NCPA - National Center for Policy Analysis

Farming Sector May Be Most Welfare-Dependent Industry in America

December 17, 2001

This week, the Senate will vote on a farm bill which will be far and away the most expensive ever -- $170 billion over 10 years. It comes just five years after the Freedom to Farm Act, which was supposed to wean farmers off subsidies. Its effect was just the reverse.
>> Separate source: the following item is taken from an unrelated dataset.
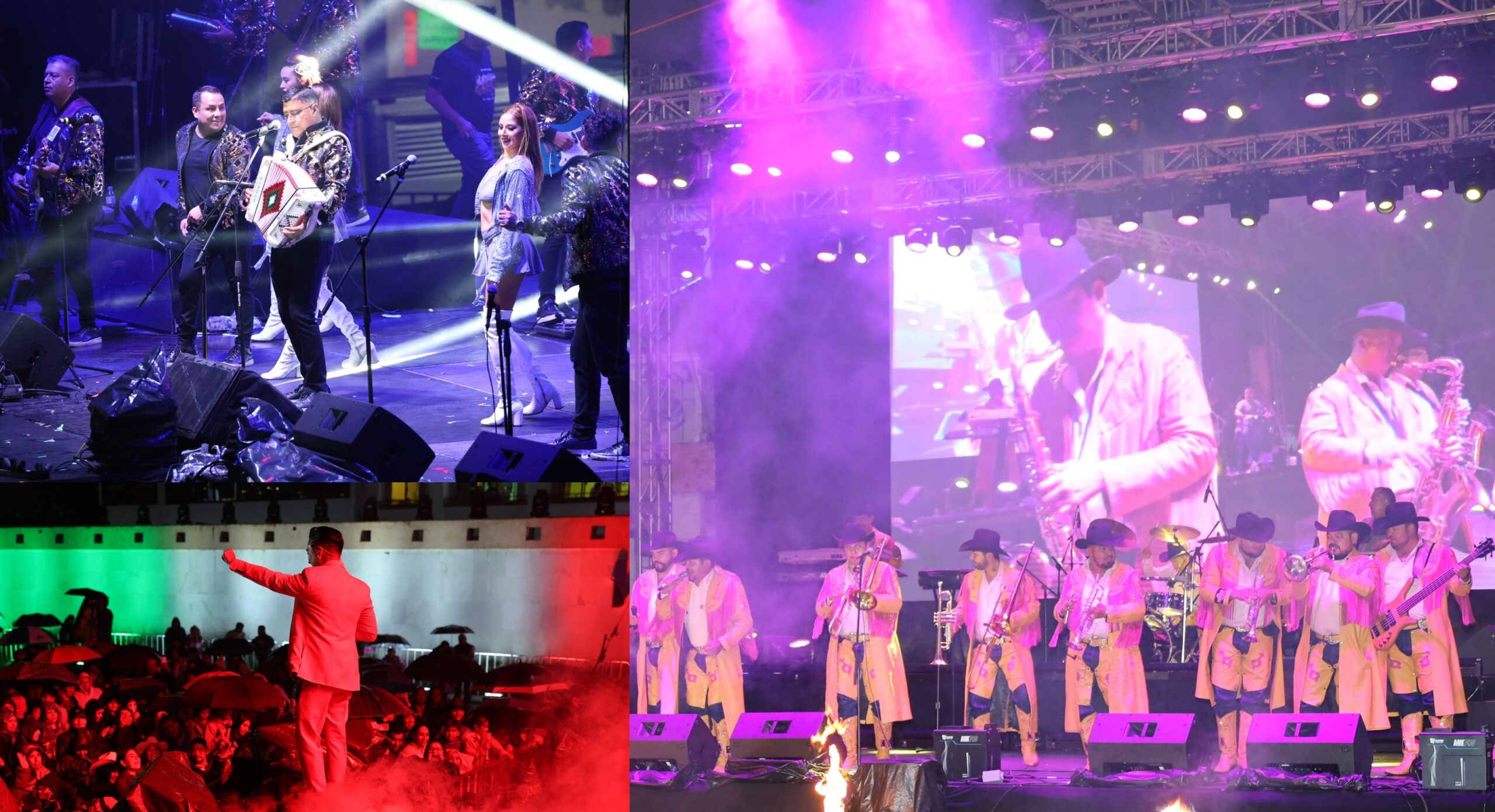 Grupos de mariachis, cumbias, bandas y sonideros, entre otros actuarán el 15 de Septiembre en Huixquilucan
  • Even though farmers have higher average incomes than do nonfarm taxpaying households, since 1980 they have received $200 billion in direct taxpayer assistance -- enough to buy every acre of farmland in America west of the Mississippi River.
  • Farm subsidies now average out to roughly $200,000 in welfare payments to each recipient.
  • This doesn't include the billions of dollars in emergency taxpayer aid farmers receive nearly every late summer and fall to compensate them for every conceivable natural and manmade disaster -- floods, droughts, tornadoes, hail, the Asian market meltdown, the strong dollar, European trade restrictions and so on.
  • Since the 1996 Freedom to Farm Act was passed, federal farm payments have increased from $7.3 billion to $22.9 billion last year.

In the early 1990s, only about 18 cents of every dollar farmers earned came from government payments. But over the period 1998-2000, agriculture price supports accounted for 35 cents of every dollar of farm income.